Lessons from Entrepreneurs of the Year

Tonight, I attended the Central Midwest Region Ernst & Young Entrepreneur of the Year awards gala in Overland Park, Kansas.  One of 26 similar events occurring this month throughout the United States, the black tie event honored entrepreneurs in a multitude of industries from the states of Kansas, Missouri, Iowa and Nebraska.  Of the 31 finalists, 10 were crowned winners in specific categories – these entrepreneurs will go on to compete in November for the national version of the Entrepreneur of the Year designation.  It is quite an impressive production – carefully scripted from start to finish.  What is most impressive, however, are the stories about the determination, vision and hard work of each of the finalists coupled with the quite unscripted heartfelt and visible emotion of the winners as they step up to accept their well-deserved recognition.  A couple of specific moments stood out for me.

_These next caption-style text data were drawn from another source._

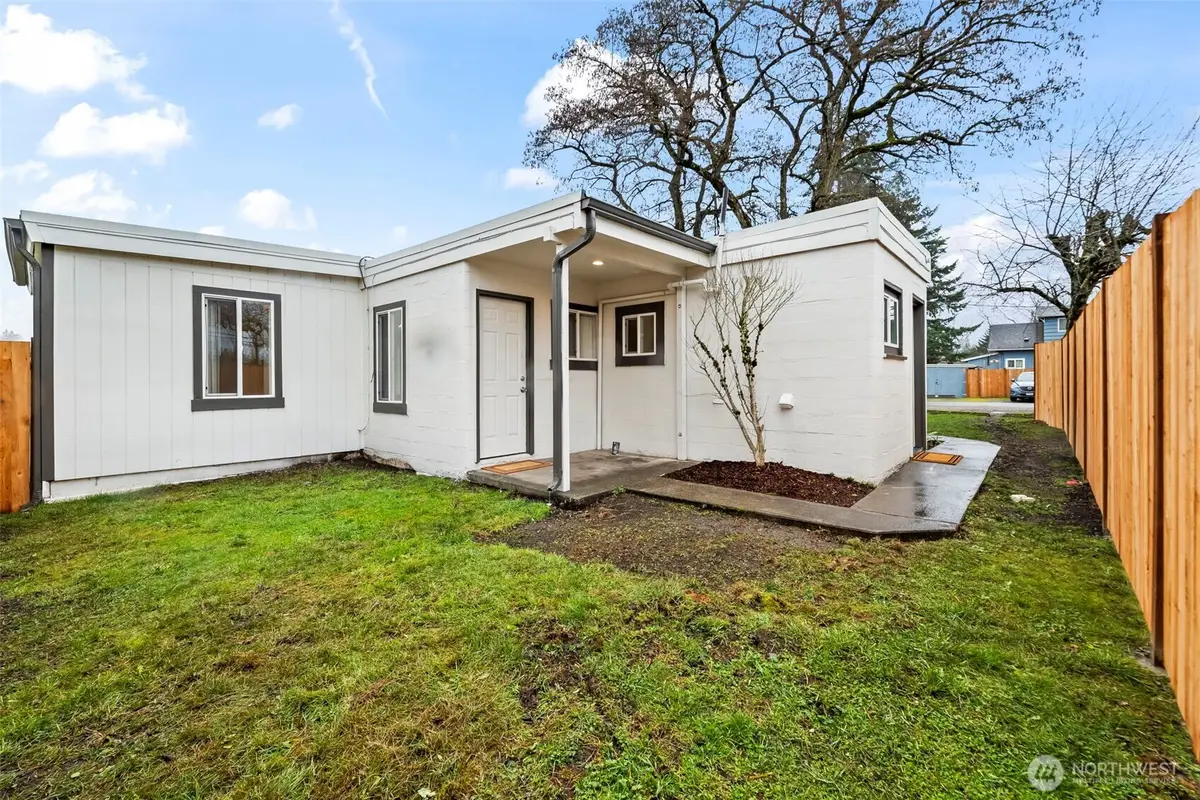 10916 Yakima Avenue S #1&2, Tacoma, WA 98444 - #1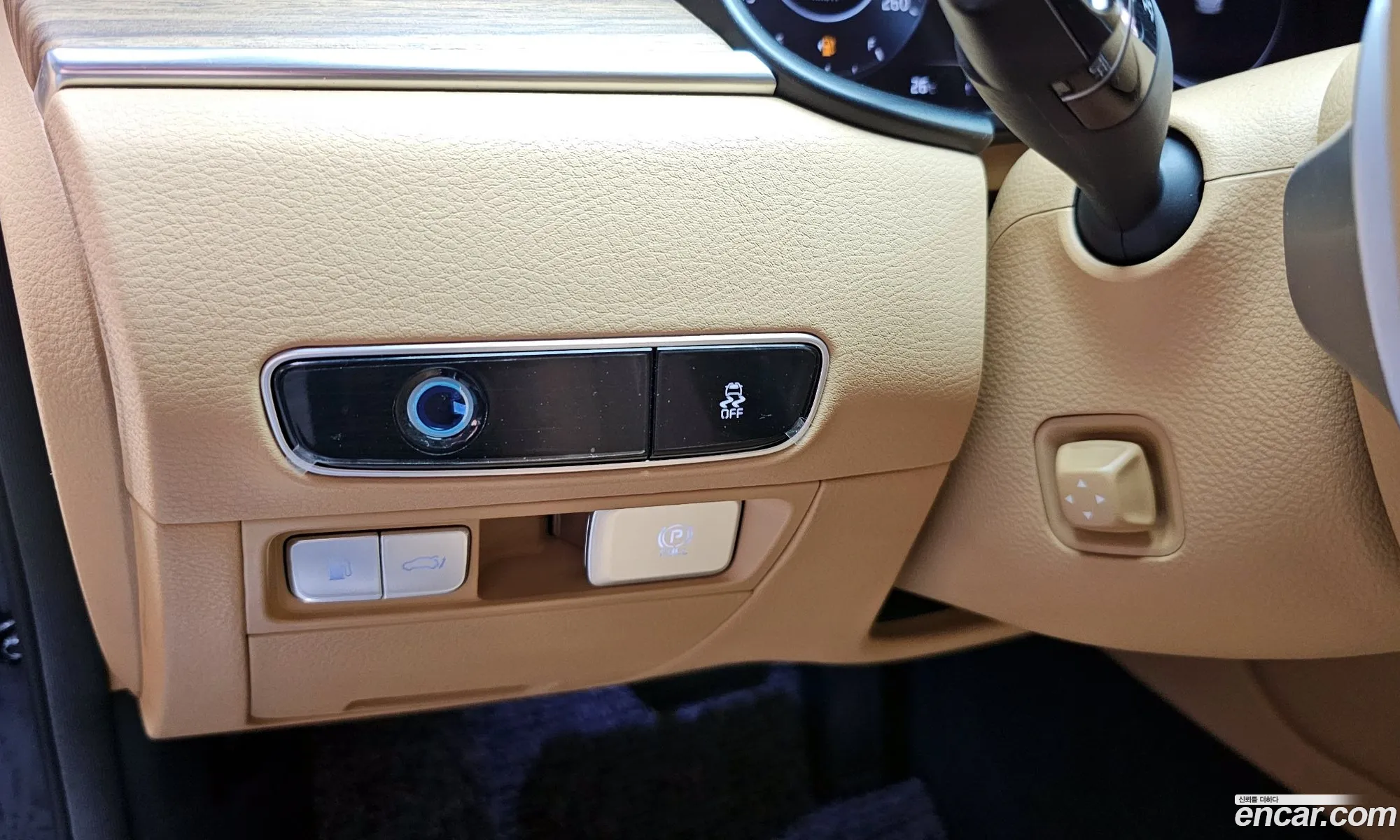 Kia K9 2021 KNAS2418DNS037111 — 19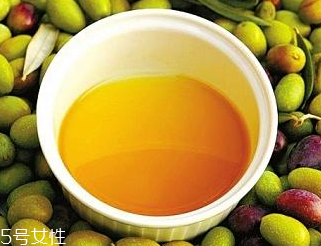 茶油和橄欖油哪個(gè)好 茶油功效好過(guò)橄欖油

Surround yourself with great people.  When brothers, Brant and Brock Bukowsky, owners of Veterans United Home Loans of Columbia, Missouri, got up to accept their award in the Financial Services category, they recalled the story of how they started by surrounding themselves with 10 hardworking, dedicated, outstanding employees.  One of the men shared that it was “the quality of those 10 people that enabled us to grow to 20 employees.”  He went on to say it was the quality of those 20 employees that enabled them to grow to 40 employees… and the quality of those 40 employees that enabled them to grow to 80 employees… and so on.  Today, Veterans United Home Loans is the nation’s largest dedicated provider of VA Loans whose mission is to enable home ownership to US military veterans.  I guess the old adage, happy employees lead to happy customers lead to happy owners really is true; just look as what those happy employees helped their company achieve.

Hold yourself to a higher standard.  The winner of the Master Entrepreneur category – an award that recognizes a well-established, seasoned business owner – was Larry Potterfield, founder of MidwayUSA (also out of Columbia, Missouri… Go Columbia!), a provider of shooting, hunting and outdoor supplies for gamesmen.  I was so moved by his authentic, genuine persona.  When he got up on stage, he talked not about the products and services that he provides, but rather about how he and his team strive to create the best run company in America for the benefit of their customers.  He pointed to the Malcolm Baldridge Criteria for Performance Excellence as the guide by which he manages his company and, in the spirit of Jim Collins’ Good to Great, talked about the “fourth level entrepreneur,” striving to move beyond each tier:

Tier 1:  Risk

Tier 2:  Success

Tier 3:  Sustainability

Tier 4:  Generosity

His contention is that to be a better entrepreneur, one must strive to rise to tier 4 – yes, take the necessary risk, aim for success, ensure long-term sustainability… but hold yourself to a higher standard by serving your community through a personal commitment to philanthropy.

Share the Wealth.  A recurring theme, so many of the winners acknowledged the role that their broader teams play every day to ensure the success of their firms.  Robert Low of Prime Inc., a trucking company out of Springfield, Missouri (Winner:  Transportation), encouraged attendees at tonight’s event to hold truck drivers in the highest esteem because they keep our national highway system safe and are among the hardest working men and women in the world.  Len Rodman of Black & Veatch, a global engineering and construction firm based in my home town of Overland Park, Kansas (Winner:  Services), thanked the 10,000 associates of his firm located in cities around the world for their commitment to excellence.  Kyle Krause from Kum & Go, L.C., a convenience store chain out of West Des Moines, Iowa (Winner:  Retail and Consumer Products), that operates 400 stores in 11 states, shared how much he appreciates his nearly 4,000 associates who work hard every day so that he gets the easy job of going up on stage to receive the trophy.  In every case, the recognized winners indicated that they were simply claiming the award on behalf of their full team of associates.

From a networking perspective, these lessons ring true:

  • Surround yourself with great people
  • Hold yourself to a higher standard
  • Share the wealth

How might you put these lessons to practice for your own networking and professional purposes?